P.A.N.K.U.S. is a spirit organization on campus, one of three, and are often overlooked. They don’t have crazy costumes like the Purple Poo or are made up of only guys like the Plowboys. And both organizations have decades on P.A.N.K.U.S..
But P.A.N.K.U.S. does just as much around campus.
They go to all of the home games and try to go to the away games they can. They are on their feet and loud the whole game. They even have a position on their executive leadership team called a Sergeant, which is what Zimrie Goen is.
The Sergeant is in charge of yells and chants, getting members of P.A.N.K.U.S. and other students hyped up at games, and making and coordinating shirts for different types of games. For example, Goen made sure that everyone had a military or camouflage shirt in support.
“I put people in spots at games to maximize our loudness,” Goen said.
They also put on a Toys for Tots drive with donation boxes in the Thompson Student Center.
They go to other school events like the Christmas tree lighting, plays and musicals that the Tarleton Theatre puts on, picking up trash after football games and going to sorority or fraternity events.
“During homecoming week, you may not see us in overalls at every event. But we’re there,” Johnson said.
“A lot of the time, if anyone asks us to be there, we’re there and we'll make it work,” Martinez said.
Texans seeing P.A.N.K.U.S. around campus at events gets people more interested.
“Every time we are anywhere, they’re like ‘oh that's P.A.N.K.U.S.’ or ‘you’re in P.A.N.K.U.S.,’” Martinez said. “Because of this, people reach out to us.”
They see that this group that it’s not just guys and they’re not under a mask. They're just a group of friends that act like family who are hype about Tarleton. They want to spread smiles and remind people of how they felt when they first were accepted.
Johnson was homeschooled so she never got to experience school spirit. She saw other people go all out for their schools and thought that it was not that serious. She never understood the hype around school spirit.
“And then Duck Camp happened and everything changed,” Johnson said.
She felt the spirit of Tarleton and her mama duck told her about P.A.N.K.U.S. and she got involved right away.
Now as president, Johnson and the other members in leadership positions are going through their bylaws and organizing.
“This semester we’ve just been focusing on like cleaning up our bylaws,” Johnson said. “I feel like a good kinda growth.”
Growth is good in any organization. P.A.N.K.U.S. was founded 22 years ago by a group of friends. One of those people was Eddie Nerio.
“There was a core group that was visible the previous year before officially being established,” Nerio said. “We were our own group and we said who we were, and we were P.A.N.K.U.S..”
While starting the organization, Nerio and his friends had known that they were people with a lot of school spirit and wanted to raise the school spirit of others as well. They kept this in mind while thinking of the name.

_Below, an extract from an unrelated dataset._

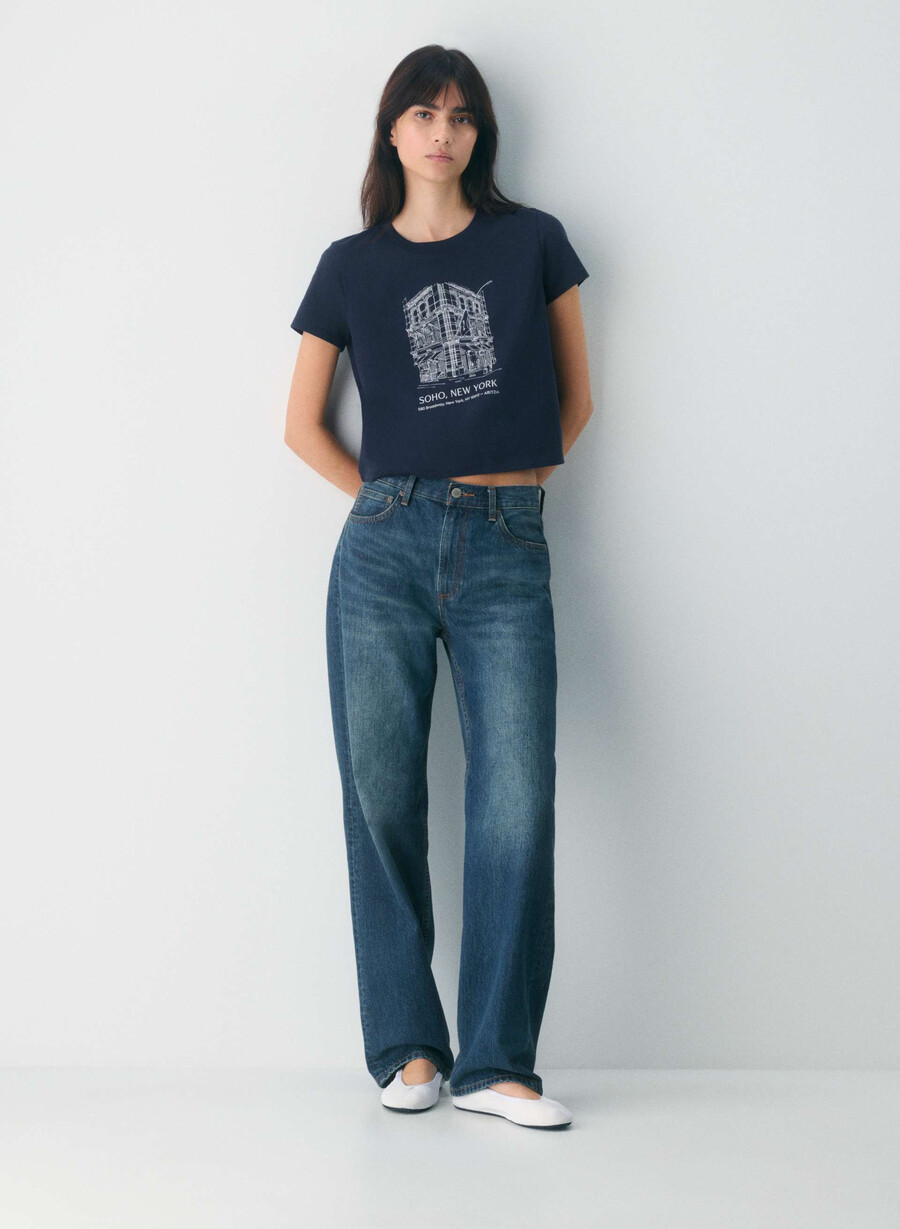 cottonwhisk pedigree t-shirt admiral white soho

“We were trying to think of the strangest way to put the name out there,” Nerio said. “People Against Not Knowing University Spirit, if I'm being honest with you that’s just funny.”
They wanted their little group to live on after they graduate. They wanted other people to join and to turn it into an organization and see how it can grow.
“22 years is not something I thought I would see but my heart explodes that students still find value in the organization,” Nerio said.
Nerio now is an advisor for the current P.A.N.K.U.S. members. He still has just as much spirit for the organization and for Tarleton as he did when he was a student.
“As you get older, when you look back at things, they don’t seem as rowdy as it was when you were in it,” Nerio said. “But [P.A.N.K.U.S.] is still a loud and rowdy bunch.”